The Law on Asylum and Temporary Protection of the Republic of Serbia came into force on 3 June 2018 and brought a series of new decisions in relation to the previous law regulating this matter, that is, the Law on Asylum. It is important to note that asylum proceedings initiated before June 3 will be completed according to the provisions of the Law on Asylum, except in cases where the provisions of the Law on Asylum and Temporary Protection are more favorable for the asylum seeker.
Some of the most important changes made by the Law on Asylum and Temporary Protection relate to the asylum procedure itself, and in that sense there has been a merger of certain procedural actions.

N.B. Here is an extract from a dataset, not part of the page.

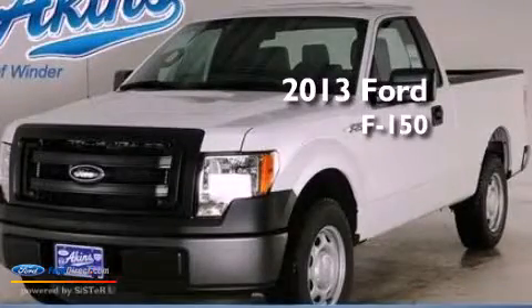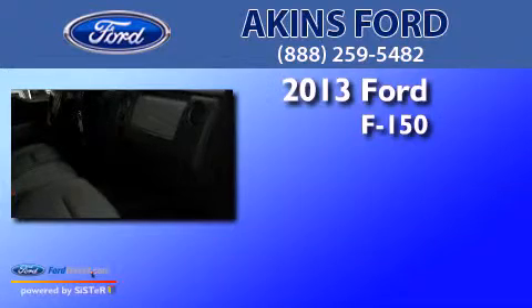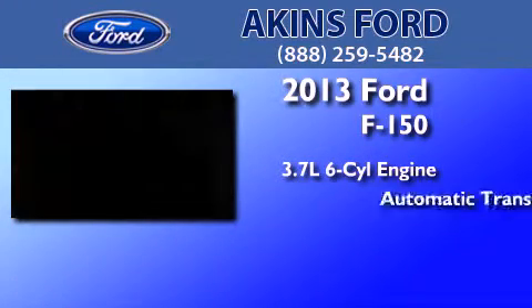This is a brand new 2013 Ford F-150. It has a 3.7-liter six-cylinder engine and an automatic transmission.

For example, there is no longer an act of registering asylum seekers, but registration takes place together with registration when the intention to seek asylum is expressed and when registration actions are performed (taking photographs and taking fingerprints). After the registration of persons who have expressed intention to seek asylum in Serbia, the police officer issues a certificate of registration to the alien who expressed his intention to apply for asylum, which as a document replaced the certificate of expressed intention to seek asylum and has the same purpose. With this certificate, the registered person is directed to report to the designated asylum center, or an alternative reception center, within 72 hours. A novelty in relation to the previous law is that, at the expiration of 15 days from the day of registration, and in case the Asylum Office fails to file an application for asylum, the registered person is left with a deadline of eight days to file an application for asylum on their own initiative and deliver it to the Asylum Office. Asylum seeker status within the meaning of the Asylum and Temporary Protection Act is obtained only after one applies for asylum.
In practice, certain problems already arise, especially because people who would like to apply for asylum in Serbia without adequate legal assistance cannot meet the set deadline, nor it is reasonable to expect them to know these deadlines. In addition, the application for asylum form is written in Serbian and Cyrillic script, with previous experience showing that people who would like to apply for asylum most often do not know any other language than their mother tongue which is in most cases not Serbian.
Another important novelty adopted by the Law on Asylum and Temporary Protection concerns the concept of a safe third country, the application of which in the practice of the Asylum Office and the Asylum Commission has been the most frequent reason for rejecting asylum applications. Namely, in their practice, the above-mentioned authorities only found that the country through which asylum seekers traveled on their way to Serbia is safe because of the Government’s determination in 2009, without establishing other criteria to be fulfilled for a country to be considered a safe third country. In contrast, the Asylum and Temporary Protection Act does not provide for the Government to establish a list of safe third countries, but in each individual case it is assessed whether the State through which the asylum seeker passed on their way to Serbia is safe from persecution or the risk of suffering serious injuries in the sense of threats of death or imprisonment, torture, inhuman or degrading treatment or punishment, serious life threats caused by violence of general proportions in situations of international or internal armed conflict.